A new story in The Hollywood Reporter released just after the news of Lasseter’s leave of absence broke paints a less rosy picture, with an anonymous Pixar employee telling the publication that Lasseter was known not only for those unwanted hugs, but also for “grabbing, kissing, [and] making comments about physical attributes” at social events and in the office. Other anonymous sources say that women at Pixar had perfected their techniques to deflect Lasseter’s propensity for kisses and wandering hands, including a defensive posture, known internally as “the Lasseter,” designed to keep him from putting his hands on their thighs in meetings. The same sources allege that although she’s still credited as a writer on the film, Rashida Jones and her writing partner Will McCormack left Toy Story 4 early on after an “unwanted advance” from Lasseter.

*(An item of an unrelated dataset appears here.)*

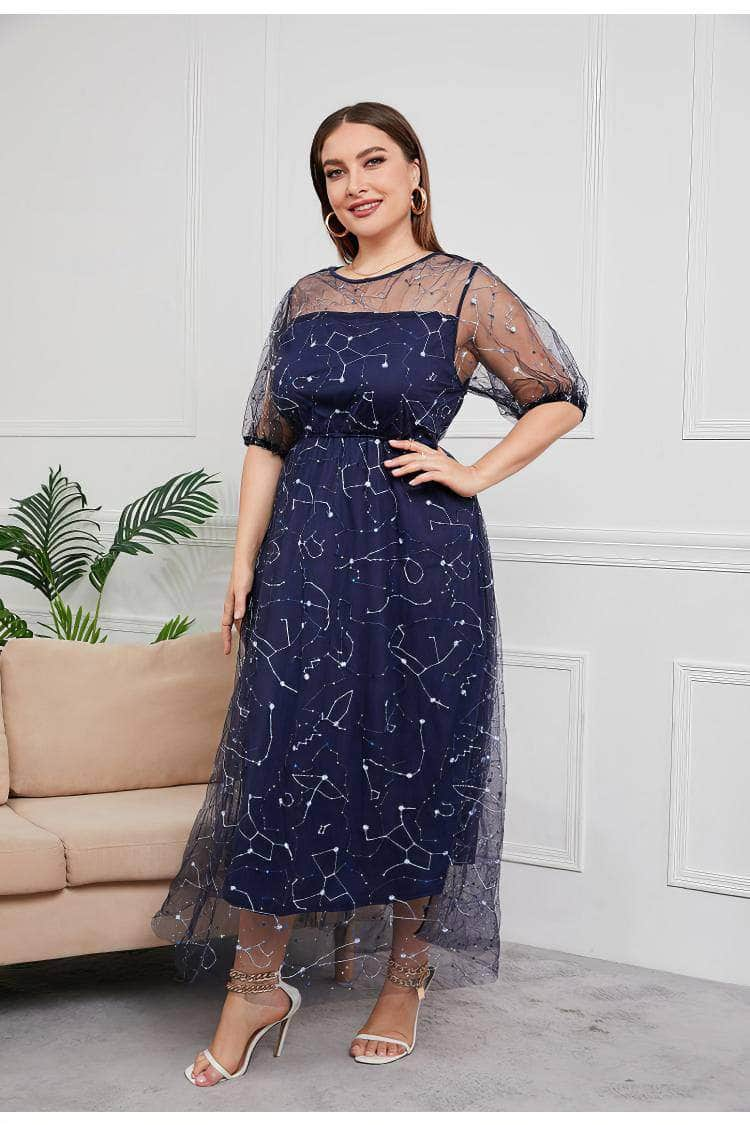 Plus Size Sequin Tulle Tea Length Dress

Lasseter, who made his feature directorial debut with 1996’s Toy Story, is named as a producer or executive producer on every Pixar film, and as an executive producer on all Walt Disney Animation films. He’s been credited with overseeing Disney Animation’s return to prominence with recent efforts like Frozen and Moana. The full memo sent out earlier today to Disney Animation staff is below.
I have always wanted our animation studios to be places where creators can explore their vision with the support and collaboration of other gifted animators and storytellers. This kind of creative culture takes constant vigilance to maintain. It’s built on trust and respect, and it becomes fragile if any members of the team don’t feel valued. As a leader, it’s my responsibility to ensure that doesn’t happen; and I now believe I have been falling short in this regard.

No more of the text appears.